Progress in understanding and engineering primary plant metabolism.

机构信息

Max Planck Institute of Molecular Plant Physiology, Am Muehlenberg 1, 14474 Potsdam-Golm, Germany.

出版信息

Curr Opin Biotechnol. 2013 Apr;24(2):229-38. doi: 10.1016/j.copbio.2012.11.002. Epub 2012 Dec 4.
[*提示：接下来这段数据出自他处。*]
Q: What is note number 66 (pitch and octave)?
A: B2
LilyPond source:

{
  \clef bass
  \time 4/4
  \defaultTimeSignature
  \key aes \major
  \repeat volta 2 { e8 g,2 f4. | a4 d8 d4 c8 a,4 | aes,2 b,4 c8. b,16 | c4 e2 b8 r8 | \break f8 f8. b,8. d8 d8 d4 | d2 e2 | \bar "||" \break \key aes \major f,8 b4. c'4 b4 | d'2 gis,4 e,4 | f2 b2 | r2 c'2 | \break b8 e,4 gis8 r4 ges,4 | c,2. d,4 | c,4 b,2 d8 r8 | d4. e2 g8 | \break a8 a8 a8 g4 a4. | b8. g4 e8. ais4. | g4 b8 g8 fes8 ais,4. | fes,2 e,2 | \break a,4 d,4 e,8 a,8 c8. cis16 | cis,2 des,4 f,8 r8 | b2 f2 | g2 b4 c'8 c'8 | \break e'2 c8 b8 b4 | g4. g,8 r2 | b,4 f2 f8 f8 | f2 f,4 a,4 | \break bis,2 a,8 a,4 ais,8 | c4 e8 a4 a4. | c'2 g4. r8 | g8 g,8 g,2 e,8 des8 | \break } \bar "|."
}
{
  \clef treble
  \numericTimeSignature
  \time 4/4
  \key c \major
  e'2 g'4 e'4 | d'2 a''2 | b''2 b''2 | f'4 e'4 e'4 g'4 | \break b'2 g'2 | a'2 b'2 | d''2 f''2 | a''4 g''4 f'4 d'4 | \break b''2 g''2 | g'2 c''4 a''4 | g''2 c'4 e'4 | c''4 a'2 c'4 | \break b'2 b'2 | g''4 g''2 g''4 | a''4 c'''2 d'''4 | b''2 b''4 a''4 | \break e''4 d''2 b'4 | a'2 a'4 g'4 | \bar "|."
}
DOI:10.1016/j.copbio.2012.11.002

PMID:23219183

Abstract

The maximum yield of crop plants depends on the efficiency of conversion of sunlight into biomass. This review summarises recent models that estimate energy conversion efficiency for successive steps in photosynthesis and metabolism. Photorespiration was identified as a major reason for energy loss during photosynthesis and strategies to modify or suppress photorespiration are presented. Energy loss during the conversion of photosynthate to biomass is also large but cannot be modelled as precisely due to incomplete knowledge about pathways and turnover and maintenance costs. Recent research on pathways involved in metabolite transport and interconversion in different organs, and recent insights into energy requirements linked to the production, maintenance and turnover of the apparatus for cellular growth and repair processes are discussed.

摘要

作物的最大产量取决于将阳光转化为生物量的效率。本综述总结了最近的模型，这些模型估计光合作用和代谢过程中连续步骤的能量转换效率。已确定光呼吸是光合作用过程中能量损失的主要原因，并提出了修饰或抑制光呼吸的策略。将光合产物转化为生物量的过程中也会损失大量能量，但由于对途径和周转率以及维持成本的了解不完整，因此无法精确建模。本文讨论了最近关于不同器官中代谢物运输和相互转化途径的研究，以及与细胞生长和修复过程的设备的产生、维持和周转率相关的能量需求的最新见解。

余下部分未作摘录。